I’m going to live out of that, for a whole year? There must be some misunderstanding.
All at once, I felt the strangest combination of borderline panic and utter amusement, the latter which ultimately prevailed. I started laughing, quietly at first then hysterically doubled-over, eyes watering, smile straining. Hell yes I’m going to live out of that thing! Sure, I wasn’t going to have a reliable shower source or a kitchen or a comfy couch to sink into, but those are luxury items, not necessities.
A quarter the size of most campers, my little lime green contraption might look like just a glorified tent-on-wheels, but it’s so much more than that: utility trailer, camper, ultimate shuttle accessory. It’s awesome. But the Go looked so comical parked there at Wilson’s. I couldn’t help but laugh. Surrounded by two-bedroom, $100,000 house-on-wheel-monstrosities that glowed in the dark with their lamps and their televisions and their Christmas light-covered awnings, my little all-around camper resembled more of a child’s playhouse than my new home.

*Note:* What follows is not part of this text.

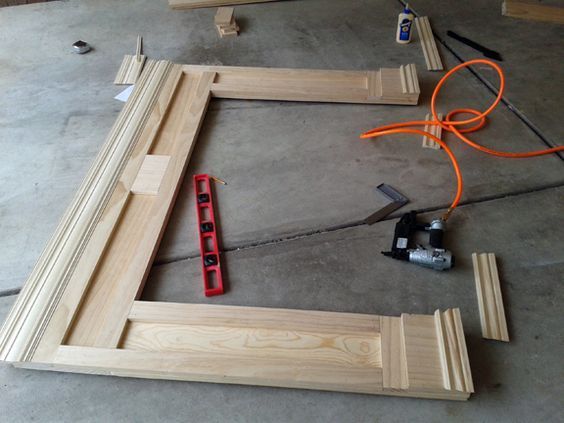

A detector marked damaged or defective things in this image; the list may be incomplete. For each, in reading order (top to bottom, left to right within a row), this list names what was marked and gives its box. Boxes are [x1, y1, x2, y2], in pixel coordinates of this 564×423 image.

crack in concrete [152, 182, 560, 268] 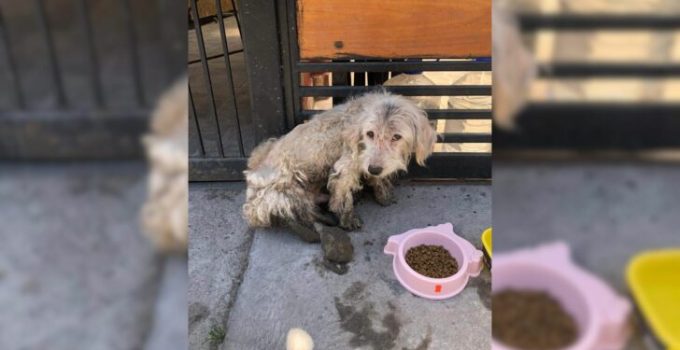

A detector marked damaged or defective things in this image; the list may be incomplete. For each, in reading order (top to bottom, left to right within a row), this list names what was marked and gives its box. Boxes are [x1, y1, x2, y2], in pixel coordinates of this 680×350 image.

cracked concrete floor [189, 180, 492, 350]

When my fit of giggles had finally passed, I looked up to see an elderly man peering out of his fatigue-patterned camper. I’m sure he thought I was nuts.
The truth is, I am a little crazy. Adversity has become a familiar face to me. I crave challenge. I seek it out. Although the life of a travel editor may seem like a vacation to some, it’s not nearly as glamorous behind the scenes: long, lonely, sometimes painfully boring hours at the wheel; absurd writing spurts at 3a.m.; minimal hours of sleep; four-too-many cups of coffee; looming deadlines … You get the picture.
Oftentimes, though, it is through those downright uncomfortable moments, those times when I’m half-starved, half-asleep, fueled by coffee and too stubborn to admit defeat that the most memorable instances occur – a private viewing of a perfect sunrise, a kind stranger who welcomes me with open arms and open doors, the first peeps of spring glowing in the late afternoon sun. It’s those moments of magic that breathe the life back into me. It’s the people I meet and the places I go, the adventures I have and the sights I see. Those are the things that inspire my work and compel me to tell their stories.
So yes, perhaps living on the road for one year is a little crazy. But truth be told, I think it’s a good kind of crazy, and we could all use a little bit of that in our lives.